Mgは人工時効により、SiとともにMg2 Si (β’ 相) として析出し、最終製品使用時の高強度 (耐力) を付与するために必須の元素である。Mgの0.6%未満の含有では時効硬化量が低下する。一方、1.8%を越えて含有されると、強度 (耐力) が高くなりすぎ、鍛造性を阻害する。また、溶体化処理後の焼き入れ途中に多量のMg2 Siが析出しやすく、粒界上に存在するMg2 SiやAl−Fe−Si−(Mn、Cr、Zr) 系晶析出物の平均粒径を細かくするとともに、これら晶析出物同士の平均間隔を大きくすることができず、鍛造材にとって強度とともに重要な靱性や耐食性を低下させる。

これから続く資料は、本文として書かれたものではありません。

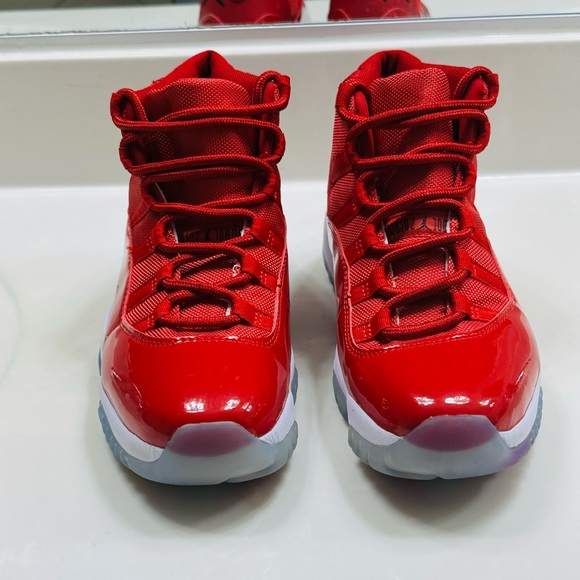 SOLD😃 Authentic NIIKE JORDAN Women’s Mid Top Red PATENT SNEAKERS SZ. 8.5 - Picture 14 of 14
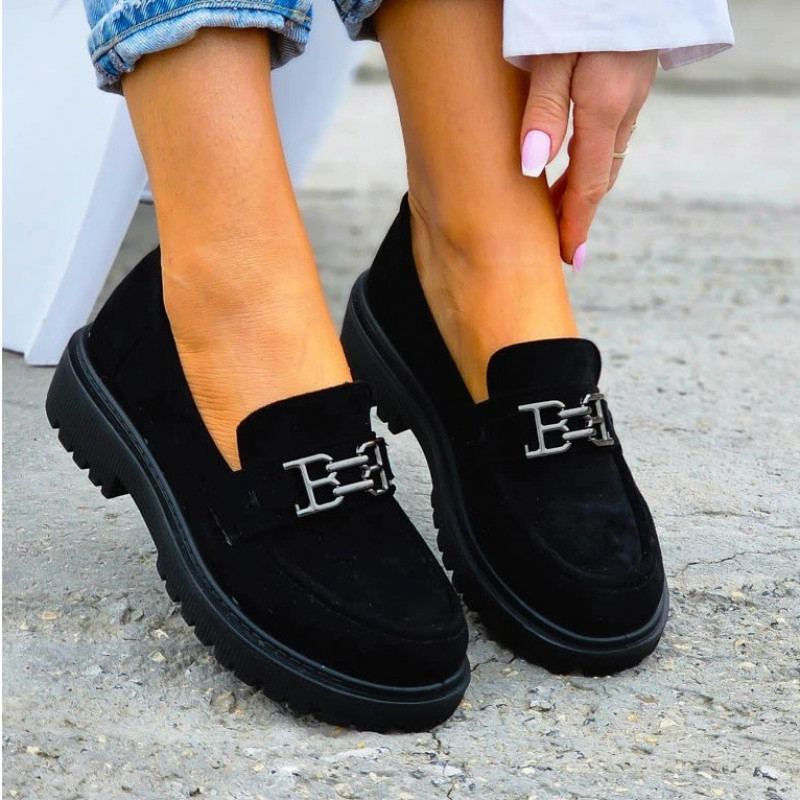   Mīksti zamšādas loferi ar dekoru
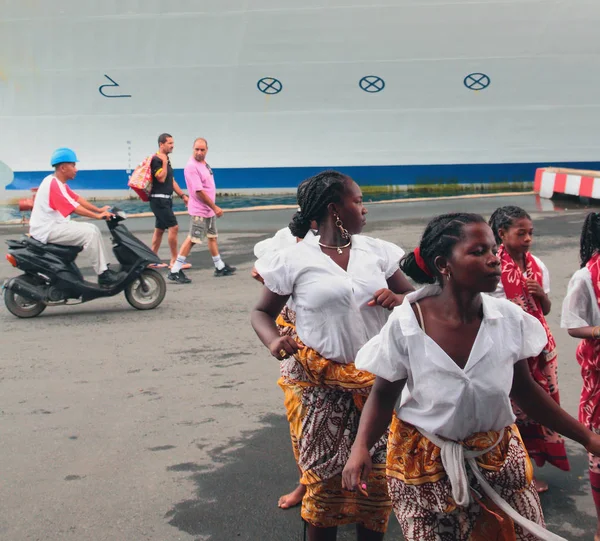 Malagasias Bailando Puerto Toamasina Madagascar — Foto de Stock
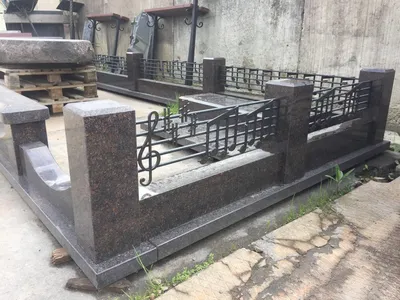Оградка на могилу: правила установки на кладбище — выбор материалов для  оград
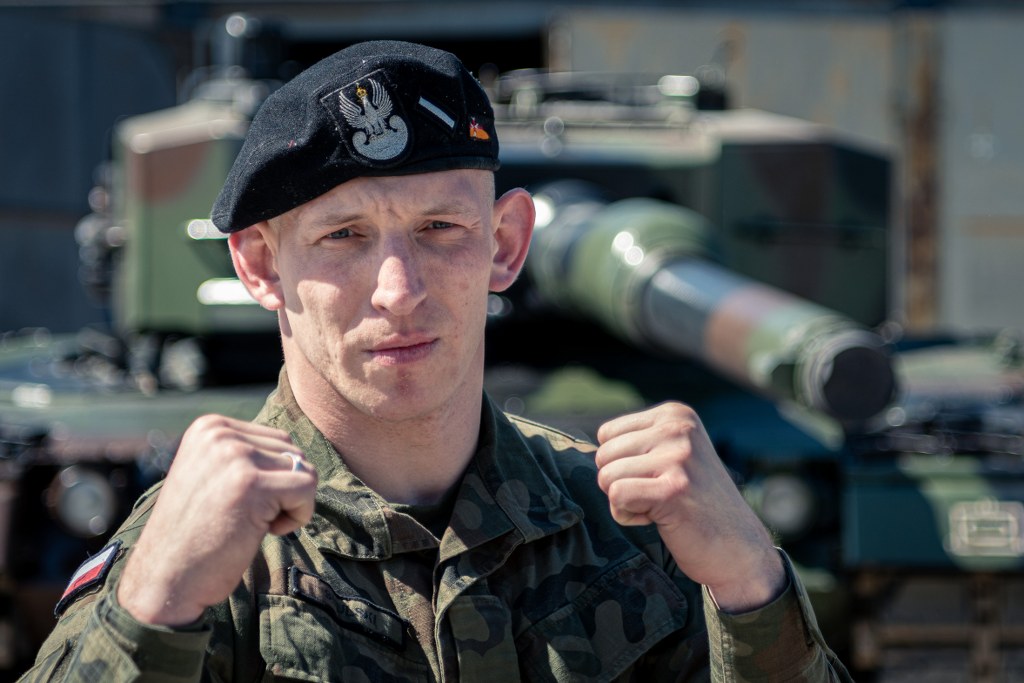 Żołnierz świętoszowskiej brygady walczy w MMA Radio Zachód - Lubuskie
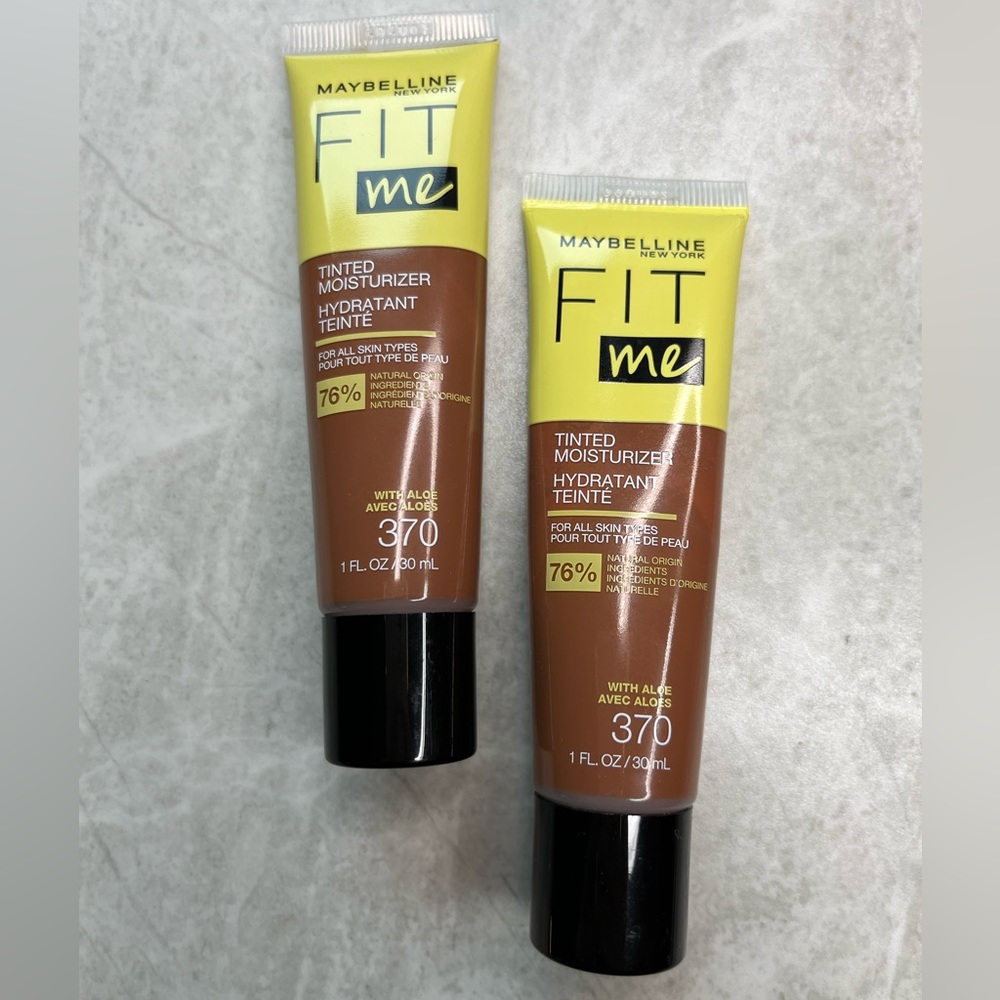 (2) Maybelline Fit Me Tinted Moisturizers Hydratant with Aloe #370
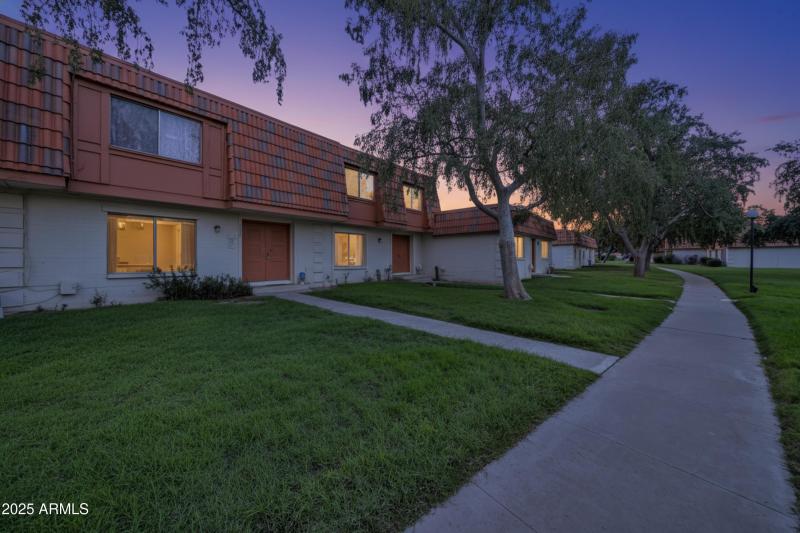 7877 N 49th Ave VT 2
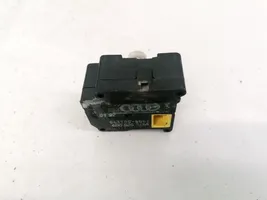 Audi A8 S8 D2 4D Motor/activador trampilla de calefacción 4D0820511A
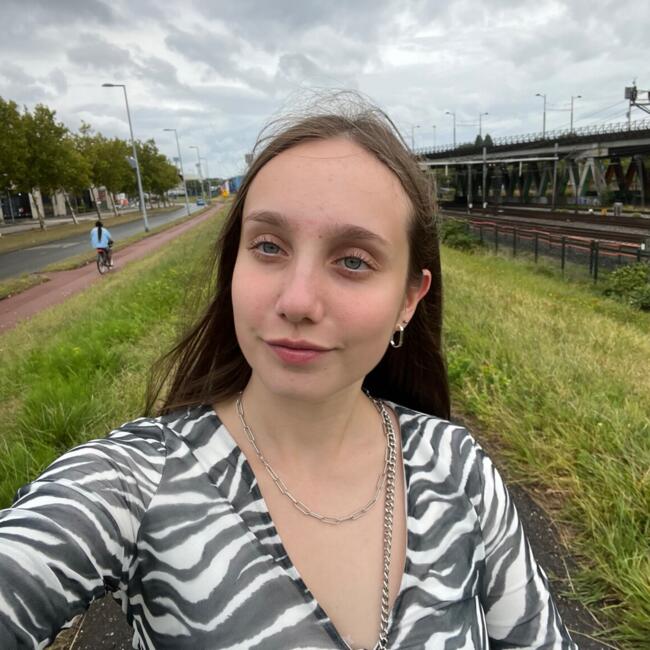 Oppas in Rotterdam: Elnara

また、Mg含有量がこの範囲より多過ぎても、また少な過ぎても、製造条件の調整によって、鍛造材表面の導電率を41.0〜42.5 IACS%の範囲とすることが難しくなる。したがって、Mgの含有量は0.6 〜1.8%の範囲とする。
【0040】
Si:0.8〜1.8%。
SiもMgとともに、人工時効処理により、Mg2 Si (β’ 相) として析出して、最終製品使用時の高強度 (耐力) を付与するために必須の元素である。Siの0.8%未満の含有では人工時効で十分な強度が得られない。一方、1.8%を越えて含有されると、鋳造時および溶体化処理後の焼き入れ途中で、粗大な単体Si粒子が晶出および析出して、前記した通り、耐食性と靱性を低下させる。また、過剰Siが多くなり過ぎて、粒界上に存在するMg2SiやAl−Fe−Si−(Mn、Cr、Zr) 系晶析出物の平均粒径を小さくするとともに、これら晶析出物同士の平均間隔を大きくできない。更に伸びが低くなるなど、加工性も阻害する。また、Si含有量がこの範囲より多過ぎても、また少な過ぎても、製造条件の調整によって、鍛造材表面の導電率を41.0〜42.5 IACS%の範囲とすることが難しくなる。したがって、Siの含有量は0.8 〜1.8%の範囲とする。
【0041】
更に、Si/Mg の質量比は、0.2%耐力を350MPa以上の高強度とするために、前記各含有量範囲を前提に、1 以上とする。Si/Mg の質量比が1 未満では、0.2%耐力を350MPa以上とならない。
【0042】
Mn:0.1〜0.6%、Cr:0.1〜0.2%およびZr:0.1〜0.2%の一種または二種以上。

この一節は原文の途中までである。